No, it’s not that I didn’t do my homework, that’s been done for a few days. I’m working my way through readings — including some additional books — highlighting and taking notes as I go. Yes, I make go to all of my classes and, no, I would never skip a 9 am lecture just because it was too early.
Why am I a bad student then?
I don’t do and, in a few cases refuse to do, the typical student-y things. Walking past the endless queues of first and second years waiting to get into clubs leaves me uncomfortable. They’ll
enjoy have a proper student night out, while I’ll be at home with a cup of mint tea, reading a book in bed. They may be judging me, mistaking me for a twenty-something Bristol resident as opposed to their peer.
In the student universe, there are several unspoken rules that govern how we think, feel and act. It’s commonly agreed that mornings always come to early, that midnight is a sacred time for facebook and that skipping class after a crazy night out is okay. The consensus says that vegetables are too expensive, pasta with sauce is a meal and that coffee isn’t something to spend money on, but rather a tool to fuel cram sessions. All students must be permanently sans money, apathetic and perfectly content to spend Sunday at home watching television.
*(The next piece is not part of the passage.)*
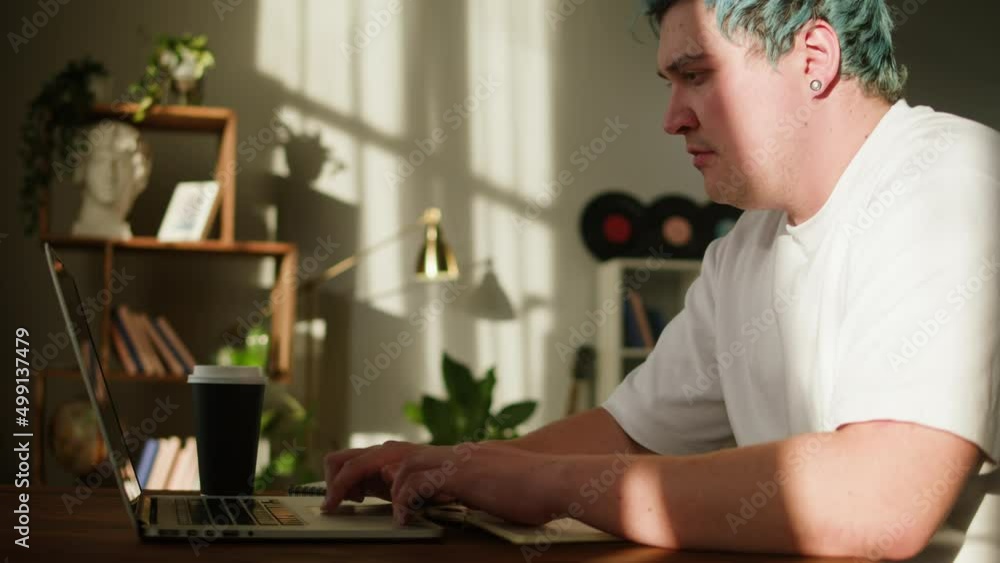 Typing on laptop keyboard close-up. Man with blue hair working in office, writing notes. Businessman texting on computer, copywriter. Typing on laptop keyboard close-up. Man with blue hair working in office, writing notes. Businessman texting on computer, copywriter.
All students except for me.
After coming back from my year abroad, the ways that I don’t fit into the typical student mold are more pronounced. Sometimes I support these stereotypes that I don’t agree with simply because they are so ingrained into our cultural notion of studentdom that I feel bad for breaking away. When a housemate with a 9 am lecture wanders blearily into the kitchen, complaining about mornings, I laugh and agree. I laugh and agree while giving a careful stir to my pumpkin oatmeal, having already done some yoga and read the headlines that morning. It’s the weakest form of agreement.
I’m sick of the stereotype of students. We need to broaden it.
Yes, students can enjoy sleeping late and may prefer to spend their Sundays watching television; however these traits aren’t student characteristics, but personalities that accompany people beyond their time at university. Students are as diverse as any other group, except for the fact that the vast majority are between the ages of 18-22.
During one of our introductory language lectures, a professor told us to celebrate our individuality. After a year in Italy, where students were judged by their ability to regurgitate dates as opposed to think, the idea was so shocking and so welcome that I could barely hear it. Celebrating our individuality means both our interests and our habits. Just because you don’t fit the student stereotype, doesn’t sacrifice your identity as a student.
What about you? Did/do you fit a student stereotype? How would you describe the typical student?